On one hand we have witnessed security agencies in a country that claims to respect rule of law coming out to openly, blatantly and shamelessly break every law in the statute books just because the son of the President, Lt Gen Muhoozi Kainerugaba, has been “insulted”. So because Muhoozi has been insulted, it is okay for the security agencies to carry out a brutal and illegal arrest, take the boy to an ungazetted detention, torture him in a ghastly manner and ignore two court orders for his release.
Because the complainant is the President’s son, it is okay for a court, whose earlier orders to release the boy were ignored and laughed at in the media by the security agencies, to accept to charge him with “offensive communication”, while completely silent about the obvious torture he has been subjected to (which was well-publicised in the media), and silent about the orders that have been pissed upon. Strange!
The Human Rights Enforcement Act expressly outlaws the trial of a torture victim – regardless of what crime they may have committed. But our Judiciary – apart from a handful of judges (Ralph Ochan, now retired, plus Patricia Basaza and one or two others) – has consistently ignored this law.
A good and functional Judiciary should have exercised its inherent power, to proceed suo moto (take action, on its own motion) and called the file for the attention of the higher bench and make the necessary orders. Responsible judges do not sit back and wait for matters to be brought to their desks, when these are matters of extreme national importance and which carry grave implications for the rule of law, the integrity and independence of the Judiciary, and the overall administration of justice.

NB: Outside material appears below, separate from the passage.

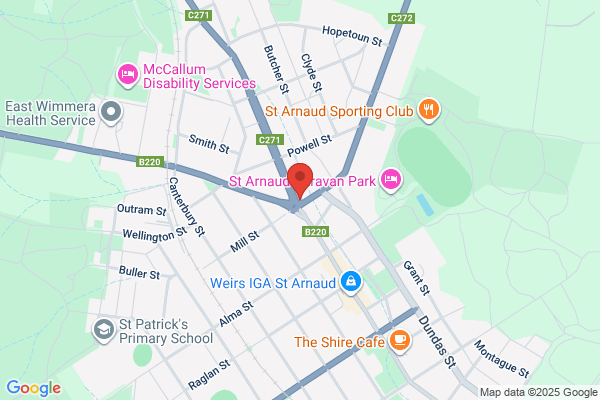 Goldfield Tyre & Battery Service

Those who benefit from the regime may find the Kakwenza debacle comical or even right; but the truth is that it is illegal, it is wrong, it is downright evil. We are destroying the social and moral fabric of Uganda and respect for the law, in broad daylight. We are entrenching dictatorship, brutality and State-inspired violence and endangering the long-term security of the country.
One keeps wondering what this Judiciary is up to; but one thing is for sure: our judicial officers have succeeded in making a complete mockery of the entire concept of justice. The world is witnessing a judiciary in a grand conspiracy against the people of Uganda - from whom, the Constitution says, they derive their judicial power and on whose behalf they exercise it.
The world is beholding judicial officers, actively working against the exercise of their constitutional mandate, and who, with commendable effort, have succeeded in bringing the court into contempt.
Strangest of all though, is that even with blunders like these, the judicial officers still demand respect from the public and are greatly offended when intimations of disrespect filter through.